Nächstes Konzert: 20. August, Club Bahnhof Ehrenfeld, Köln

Bei Konzerten von modernen Atlanta-Künstlern wie Playboi Carti geht es vor allem um riesige Moshpits, die vom Rock zum Rap übergesiedelt sind. Die Künstler schreien dabei irre Lyrics über Sportwagen zu Vollplayback in ihre Mikrofone und junge Menschen, die das körperlich abkönnen, haben einen riesigen Spaß. Rapkonzerte sind heutzutage in vielen Fällen zu sehr kurzen und wilden Exzessen geworden, die nicht zum Denken anregen, sondern auspowern. Das Rapkonzert als Workout.

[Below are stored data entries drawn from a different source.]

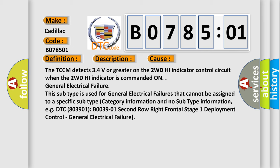General electrical failure: this subtype is used for general electrical failures that cannot be assigned to a specific subtype category information and no subtype information.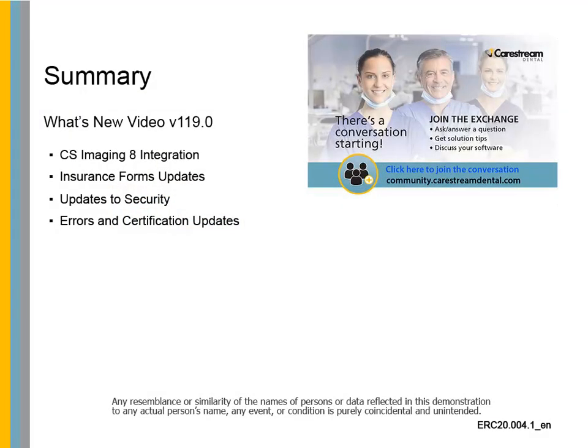This concludes the What's New video for CS Softdent version 119.0.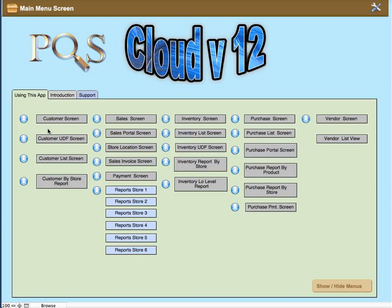In this video we're going to cover the customer UDF screen. The UDF screen is accessed either through the main menu or through the button in the rows on the portal within the customer record.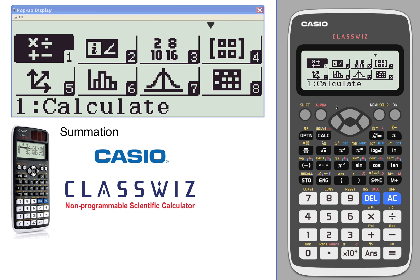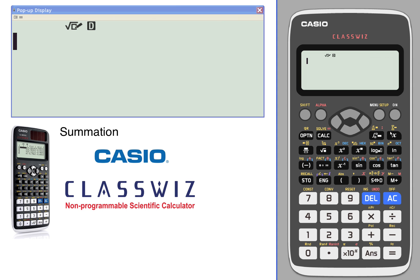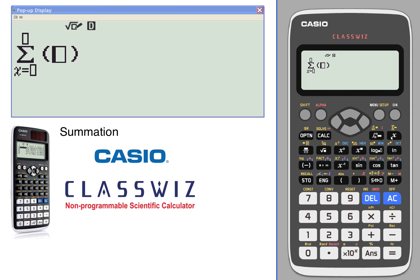Summation notation. We're going to do some summation notation in the calculator. Summation notation is right above the X key — you'll notice that it's a Shift+X. The template that comes up looks just like your normal summation.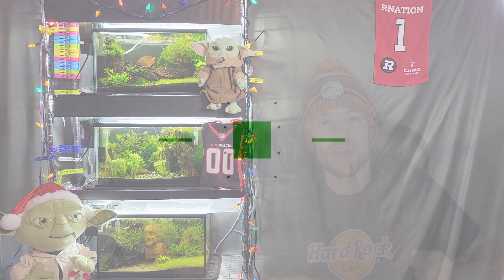Today I'm going to be answering one of the most frequently asked aquarium questions: how to cycle your tank and what things can affect the cycle.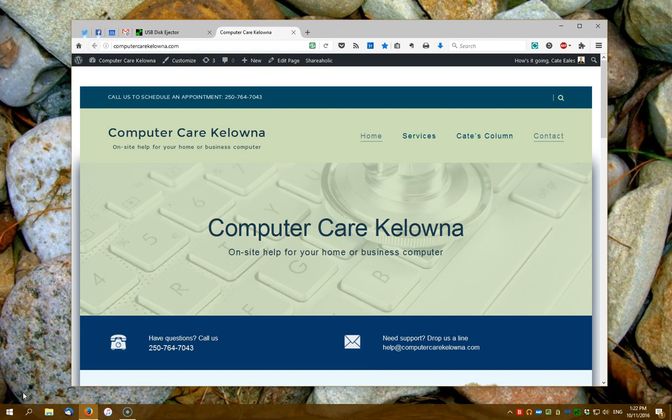Hello everybody, this is Kate from ComputerCare Kelowna and today I'm going to show you how to safely eject a USB flash drive that you have connected to your computer.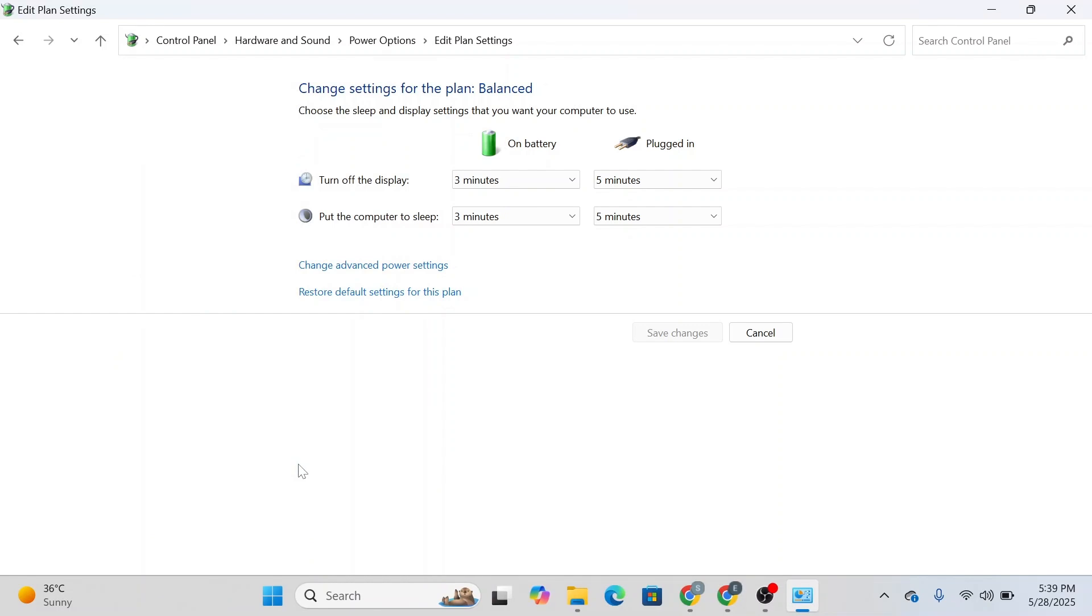If none of these work, you can simply reset your PC. Sometimes the issue is because Windows wasn't installed properly. You can either try updating your PC or simply reset it. That will reinstall Windows and help you get rid of the issue.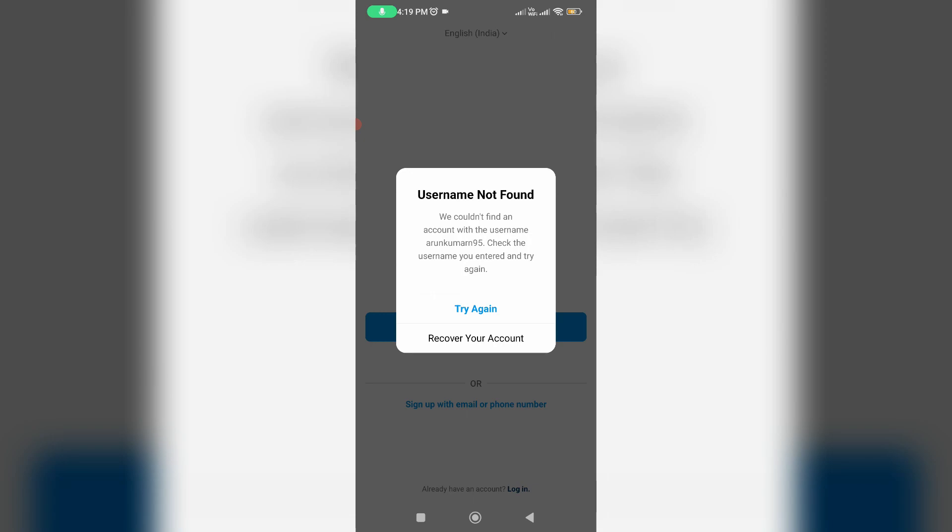Hello guys and welcome back to my YouTube channel Theta Box. So today I got the following error notification while trying to log into my Instagram account. It shows 'Username not found. We could not find an account with the username. Check the username you entered and try again.' So how to fix this issue?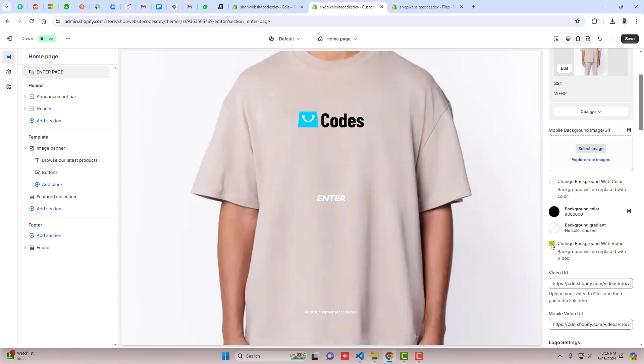Hello everyone, in this video I'm going to show you how you can add an enter page in your homepage of the Shopify store.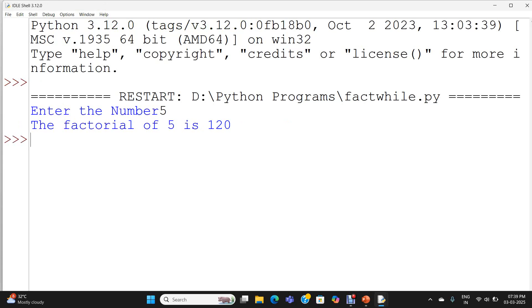When we calculate: 1 multiplied with 2 is 2, 2 multiplied with 3 is 6, 6 multiplied with 4 is 24, 24 multiplied with 5 is 120. So the answer is correct. The program is working perfectly.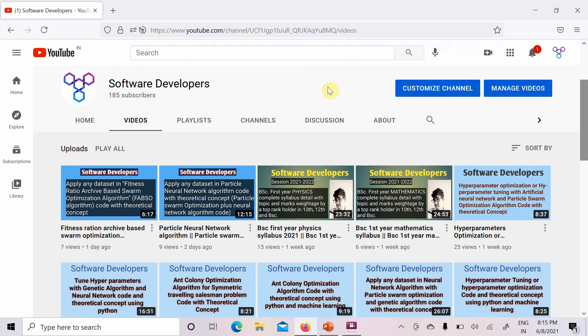Welcome to the Software Developers channel. In this video I am going to explain a PPT. If you are new on my channel, you can subscribe and press the bell icon to get notifications of upcoming videos. If you want any video on any topic, you can suggest the topic name in the comment section. If you want to get the PPT available on my channel, first subscribe to the channel and then send me a mail — I will mention the mail ID in the comment section.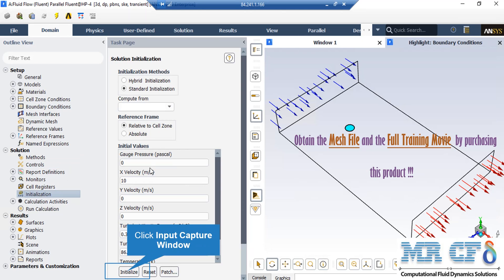After double clicking on the Initialization button, a new window will appear showing different methods of initialization: Hybrid and Standard. In the Standard initialization method you get to choose the initial values for the first iteration of the simulation. You can also choose initial values by clicking on the Compute From drop-down list and selecting a boundary. For example, by clicking on Compute From All Zones, the software will automatically average the values across different zones and boundaries and use those as the initial values.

Anachronismus zum modernen Rapkonzert

Wo wir wieder bei Arrested Development sind. Auch im Lido verausgaben sich alle. Aber ihr Gig funktioniert als Anachronismus zum modernen Rapkonzert. Statt Playback gibt es eine Band mit Gitarre, Bass, Schlagzeug, Synthesizer. Dazu stehen zwei rappende Sängerinnen auf der Bühne, die den souligeren Stücken mehr Leben einhauchen.

Rapper Speech ist ein Live­monster und ackert sich ohne Pause durch die wenigen bekannten und vielen unbekannten Stücke. Einmal fordert er die Masse auf „I love HipHop“ zu schreien und fast alle machen mit. Hier wird nicht gemosht, hier werden die Arme noch im Rhythmus hoch und runter bewegt, wie es früher üblich war.

„Geil, Alter“, sagt einer aus dem Publikum glücklich zu einem Freund. „Das ist richtig geiler Rap“, sagt ein anderer. Viele hier sind mindestens 40, haben die alten Caps oder Hüte aus dem Schrank gekramt. Einige tragen sie eine Spur zu schief. Ein paar Männer liegen sich in den Armen, eine Frau tanzt mit geschlossenen Augen. Emotionen liegen in der stickigen Luft, kleine Freudentränen kullern über verschwitzte Wangen.

Arrested Development leben von Nostalgie. Ihre Tour heißt nicht umsonst „50 years of HipHop celebration Tour“ und der HipHop-Begriff, der hier zelebriert wird, basiert auf einem Unity-Gedanken, der in der Szene schon seit Jahren nicht mehr existiert.

HipHop-Zeitkapsel

Der Deal zwischen Arrested Development und dem Publikum besteht darin, dass sie von Anfang bis Ende das Unity-Gefühl leben, auch bei den neuen Tracks, und dafür häppchenweise die Hits ihrer Jugend serviert bekommen. Ein Konzert als HipHop-Zeitkapsel, das schweißt zusammen.

Bei „Revolution“, einem Song, den Arrested Development 1992 für den Soundtrack von Spike Lees Malcom-X-Biopic aufgenommen hatten, heben dann wirklich viele im Raum ihre Fäuste in die Luft und schreien voller Inbrunst mit. Und das ist ein niedlicher Moment. Denn eine Revolution will im Lido natürlich so gut wie niemand.

Die immer ein bisschen kitschigen und ziemlich braven politischen Texte von Arrested Development haben längst nicht die Schlagkraft von denen eines Kendrick Lamar oder Childish Gambino. Und das müssen sie auch gar nicht. Die große Stärke von Arrested Development ist es, einen Abend lang ein Einheitsgefühl zwischen Rapfans zu schaffen, die der Musik eigentlich längst entwachsen sind. Das ist Eskapismus im besten Sinne.